Moraes disse ainda que, na sua leitura, o único pedido formal existente no caso foi apresentado pelo procurador-geral da República, Paulo Gonet, para anular o relatório da Polícia Federal que apontou as conversas entre Vorcaro e Moraes.
“Há um pedido expresso, não é um pedido tácito. Qual o pedido? Extinção da PET [petição da PGR]”
Origem do caso e próximos passos
O caso veio à tona no dia 1º de setembro, quando o plenário foi acionado por André Mendonça, após apuração da Polícia Federal indicar que Vorcaro entrou em contato com um número de celular atribuído a Moraes. A investigação aponta que o ex-banqueiro trocou cerca de 50 mensagens com o número antes de ser preso, em 17 de novembro do ano passado.

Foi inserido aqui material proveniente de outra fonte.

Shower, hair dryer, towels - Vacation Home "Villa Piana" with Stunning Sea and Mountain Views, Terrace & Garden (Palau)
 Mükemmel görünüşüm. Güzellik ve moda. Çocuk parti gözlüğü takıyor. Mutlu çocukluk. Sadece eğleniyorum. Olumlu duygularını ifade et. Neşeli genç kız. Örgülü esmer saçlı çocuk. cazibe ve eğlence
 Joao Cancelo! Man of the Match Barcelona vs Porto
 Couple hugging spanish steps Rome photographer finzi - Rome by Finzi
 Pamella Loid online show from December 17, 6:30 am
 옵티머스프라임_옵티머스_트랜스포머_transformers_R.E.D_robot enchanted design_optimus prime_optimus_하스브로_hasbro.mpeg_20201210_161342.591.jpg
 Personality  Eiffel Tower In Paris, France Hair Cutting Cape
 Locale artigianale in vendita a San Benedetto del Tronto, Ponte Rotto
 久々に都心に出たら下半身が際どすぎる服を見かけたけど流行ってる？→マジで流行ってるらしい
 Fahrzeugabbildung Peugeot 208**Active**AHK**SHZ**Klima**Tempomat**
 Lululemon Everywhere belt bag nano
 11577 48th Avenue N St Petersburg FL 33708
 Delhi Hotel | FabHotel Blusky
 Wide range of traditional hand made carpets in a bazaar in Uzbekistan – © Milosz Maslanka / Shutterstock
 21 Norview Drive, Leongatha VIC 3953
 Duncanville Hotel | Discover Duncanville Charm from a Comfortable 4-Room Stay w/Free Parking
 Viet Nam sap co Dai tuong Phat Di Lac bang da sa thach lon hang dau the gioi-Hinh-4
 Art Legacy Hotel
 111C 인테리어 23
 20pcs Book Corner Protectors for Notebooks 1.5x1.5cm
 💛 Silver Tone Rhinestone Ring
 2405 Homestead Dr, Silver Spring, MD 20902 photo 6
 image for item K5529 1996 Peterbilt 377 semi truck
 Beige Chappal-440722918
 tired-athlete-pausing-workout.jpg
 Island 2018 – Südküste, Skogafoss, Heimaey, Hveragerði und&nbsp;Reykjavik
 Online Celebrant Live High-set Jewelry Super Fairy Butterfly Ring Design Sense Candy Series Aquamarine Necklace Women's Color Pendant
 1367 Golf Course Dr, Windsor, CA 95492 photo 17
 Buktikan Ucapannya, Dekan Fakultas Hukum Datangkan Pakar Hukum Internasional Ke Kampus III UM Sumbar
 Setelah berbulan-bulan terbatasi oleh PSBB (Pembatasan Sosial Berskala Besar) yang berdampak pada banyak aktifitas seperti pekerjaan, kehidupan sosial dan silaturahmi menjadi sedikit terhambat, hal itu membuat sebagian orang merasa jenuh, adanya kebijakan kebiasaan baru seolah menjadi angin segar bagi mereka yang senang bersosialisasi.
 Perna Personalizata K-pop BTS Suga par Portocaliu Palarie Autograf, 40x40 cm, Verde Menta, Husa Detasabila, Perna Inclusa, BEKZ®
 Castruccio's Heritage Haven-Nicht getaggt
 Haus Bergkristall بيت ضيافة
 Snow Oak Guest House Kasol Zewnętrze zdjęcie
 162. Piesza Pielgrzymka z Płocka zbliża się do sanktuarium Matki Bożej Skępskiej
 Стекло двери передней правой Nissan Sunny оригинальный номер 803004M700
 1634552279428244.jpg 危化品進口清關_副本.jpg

Durante a tramitação do feito, o procurador-geral da República, Paulo Gonet, defendeu a anulação do relatório da PF que encontrou as conversas. Na manifestação enviada à Corte, Gonet argumentou que André Mendonça teria investigado Moraes de forma irregular ao determinar o aprofundamento das apurações relacionadas ao caso conhecido como Master, para examinar as conversas entre o ministro e o ex-banqueiro.
O próximo passo será a votação no plenário sobre a questão de ordem e a confirmação do rito a ser seguido. A sessão prevista para quarta-feira (23) seguirá como data em que o plenário deverá decidir se julgará Moraes e Mendonça conjuntamente.